This appears to be causing a significant regression (bug 1367931), so reverting the fix.
*** Bug 1367931 has been marked as a duplicate of this bug. ***
don't revert it please, here's the fix: https://review.openstack.org/356754
in fact, we'll need both https://review.openstack.org/356755 and https://review.openstack.org/356754 patches to close the whole bug and make sure we cover all use cases.
Thanks Emilien. I did revert the patch internally, but can restore it if/when these patches land upstream.
See comment #49
Cloned this to bug 1368104 because it needs a fix in openstack-puppet-modules
Unable to reproduce with: instack-undercloud-4.0.0-13.el7ost.noarch puppet-3.6.2-4.el7sat.noarch openstack-puppet-modules-8.1.8-2.el7ost.noarch openstack-tripleo-puppet-elements-2.0.0-4.el7ost.noarch
Not a big deal, but it is worth noting that we got support for net.ipv6.ip_nonlocal_bind in kernel kernel-3.10.0-327.21.1.el7 (via bz https://bugzilla.redhat.com/show_bug.cgi?id=1324502).
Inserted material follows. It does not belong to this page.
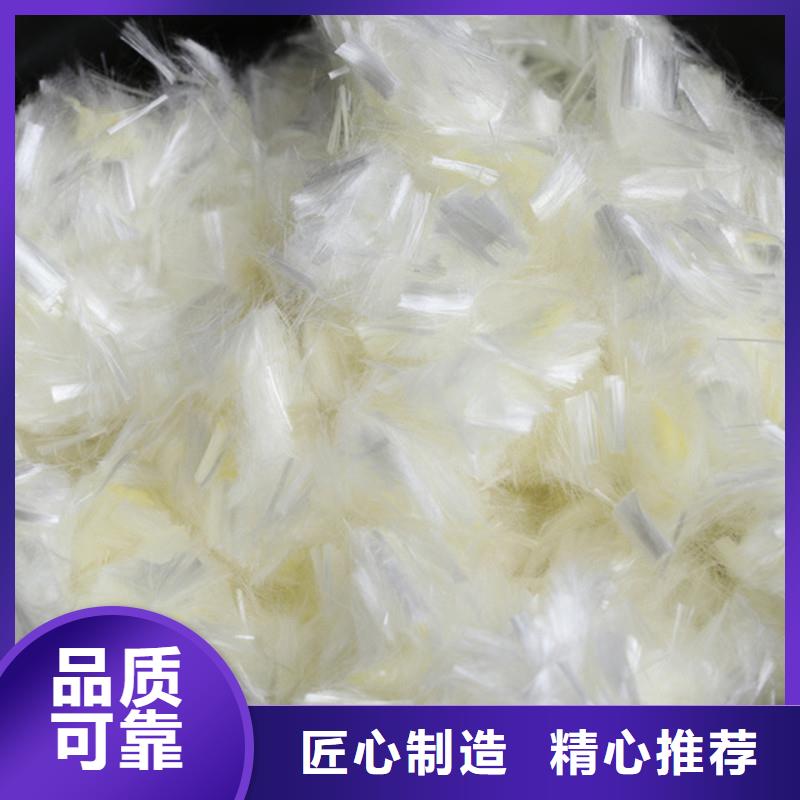 纤维【沥青麻丝】加工定制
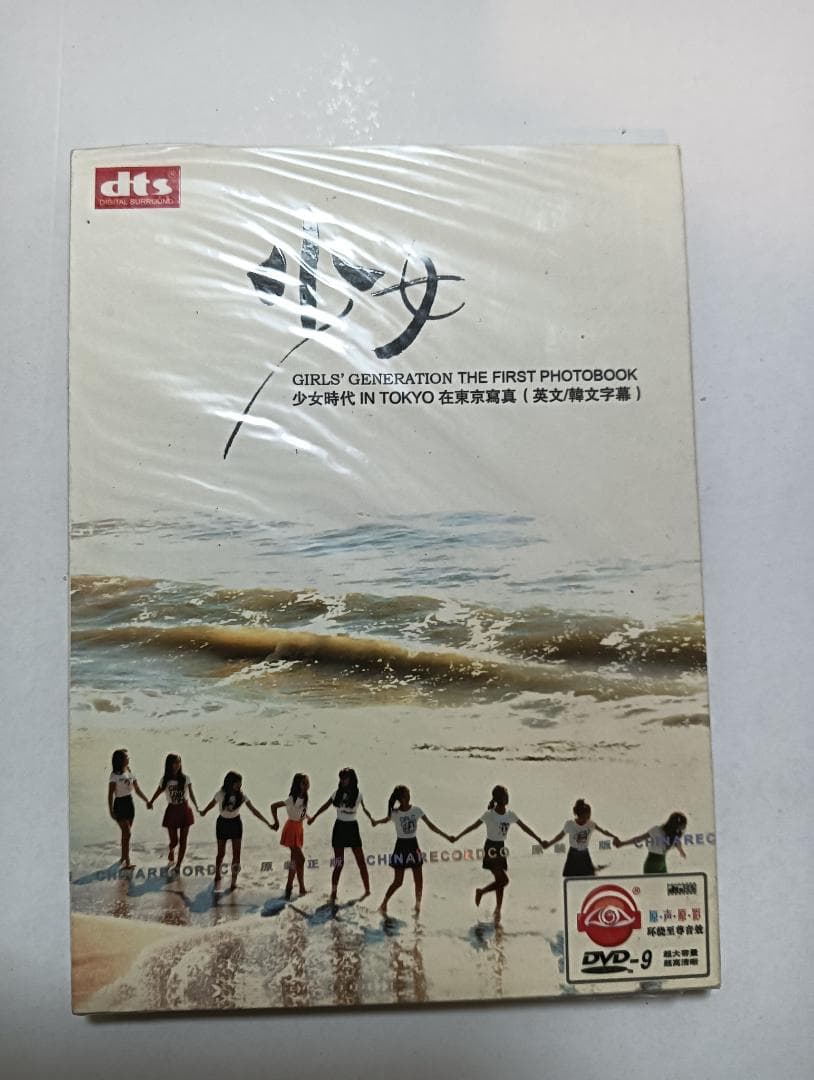 【新品未開封】少女時代 1st写真集 少女 In Tokyo メイキングDVD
So any undercloud deployment on a kernel previous to that one will fail because that sysctl key does not exist.
Since the problem described in this bug report should be resolved in a recent advisory, it has been closed with a resolution of ERRATA. For information on the advisory, and where to find the updated files, follow the link below. If the solution does not work for you, open a new bug report. https://rhn.redhat.com/errata/RHBA-2016-1766.html
*** Bug 1264901 has been marked as a duplicate of this bug. ***